Well, that was interesting. Stocks fell hard. Bond yields spiked. And the U.S. dollar got crushed. While this may sound like just another round of algo-induced hysteria, the bottom line is this is not supposed to happen. In other words, stocks, bonds, and the dollar don't all fall at the same time.
For those of you keeping score at home, the S&P 500 fell 1.44% yesterday, the Dow dropped 252 points, and the NASDAQ fell 1.67%. Then the yield on the U.S. 10-year bond rose by 0.15%. While this may not sound like much, the move represented a 7% increase in yield - in one day. And the U.S. dollar fell 3.1% against the euro, which was the biggest one-day decline against the euro since March 2009. Ouch.

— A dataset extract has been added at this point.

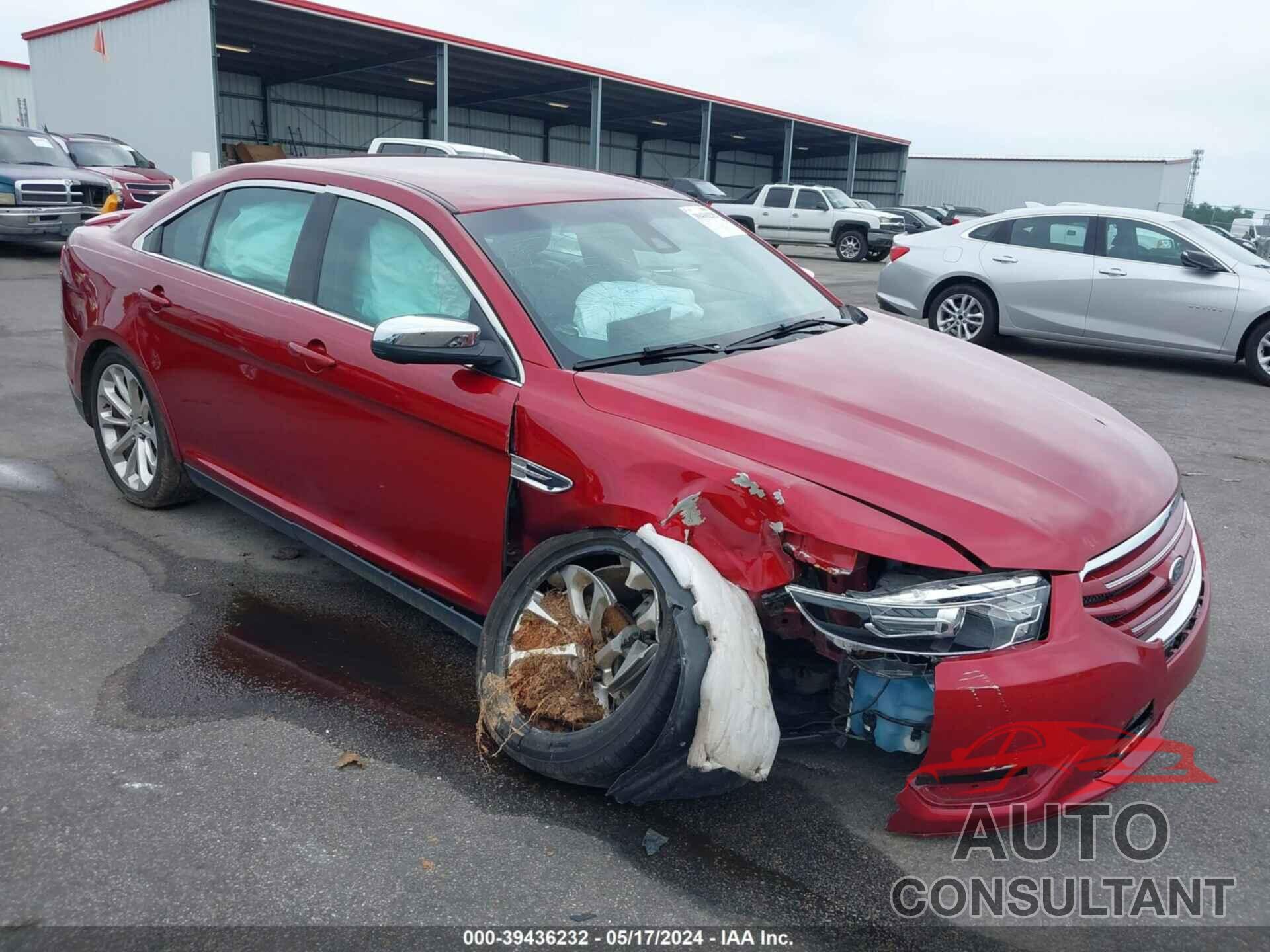 FORD TAURUS 2018 - 1FAHP2F87JG103051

According to WSJ, this was the first time since 1999 that the S&P 500 index and the dollar each dropped at least 1% and the 10-year Treasury yield rose at least 0.1 percentage point - all on the same day. So, no folks, Thursday's action was not just another day at the office.
Draghi Disappoints
The reasoning behind the wild market gyrations appears to be two-fold. First, Super Mario (aka ECB President Mario Draghi) failed to deliver the goods at yesterday's ECB meeting. The market had expected a 20 basis point reduction in rates (technically, we're talking about the rate charged to banks for parking funds at the ECB), and it only got 10 bps.
Next, the market had expected a significant increase in the ECB's QE program. Instead it got a milk toast response. As such, disappointment was the word of the day.
The big concern here appears to be that Mario Draghi may have lost his touch in terms of being able to build a consensus for his plans within ...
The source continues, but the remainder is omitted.